The comments led Major to wonder how Fintrac can be sure it's doing its job properly -- and correcting any mistakes made along the way -- in the absence of consistent feedback from its anti-terrorist partners.

"I don't understand that there's not a free flow of information back and forth,'' said the retired judge.

Mark Potter, the Fintrac official in charge of relations with other agencies, said his organization does distribute questionnaires asking recipients to check off boxes indicating what use they made of various intelligence tips.

After a quick look at the form, however, Major likened the paperwork to bureaucratic "barbed wire'' and suggested there ought to be an easier way to do things.

Fintrac, short for Financial Transactions and Reports Analysis Centre of Canada, was set up in 2001 to monitor terrorist financing, as well as money laundering by criminal organizations such as drug-trafficking rings.

The agency has no enforcement power and simply passes its research to the RCMP, CSIS and other agencies that play a front-line role in fighting terrorism.

There have been recurring complaints -- most notably in a critical report by Auditor General Sheila Fraser in 2004 -- of bureaucratic bottlenecks and failures of communication among the ostensible partners.

Potter said the questionnaires sent to the Mounties, CSIS and others were a "first step'' in response to Fraser's criticism, although he acknowledged that answers to the questions are voluntary and not mandatory.

There's also an impression from periodic inter-agency meetings, he said, that Fintrac's work is better used and better appreciated than it used to be.

"Initially we were the new kid on the block,'' said Potter. "There was a period there in which we had to build those relationships with our partners . . . . I think we've come a long way.''

He admitted, however, that more work is needed and noted that ultimately the underlying issue is the one posed by Fraser -- whether Fintrac is providing value for money.

The agency, which has an annual budget in excess of $30 million, reported last year that in the previous 12 months it had identified $250 million in financial transactions that could have terrorist links.

But Supt.

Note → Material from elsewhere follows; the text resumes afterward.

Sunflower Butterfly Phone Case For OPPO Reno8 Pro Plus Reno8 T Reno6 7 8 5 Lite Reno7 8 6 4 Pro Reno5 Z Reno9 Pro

Rick Reynolds, the head of the RCMP's terrorist financing unit, testified earlier this week that he didn't know how the agency came up with that figure. The experience of the Mounties, said Reynolds, is that the dollar figures involved aren't that big.

The RCMP has laid only two terrorist financing charges in the last six years and has yet to obtain a conviction.

Fintrac officials, for their part, say they flag everything that looks suspicious to them, but that doesn't mean hard evidence of terrorist links will be found upon further investigation.

The inquiry headed by Major has no mandate to trace the money trail of the Sikh separatists blamed for the 1985 bombing of Air India Flight 182 with the loss of 329 lives. Rather, it's examining current enforcement efforts to see if reforms are needed to avert future tragedies.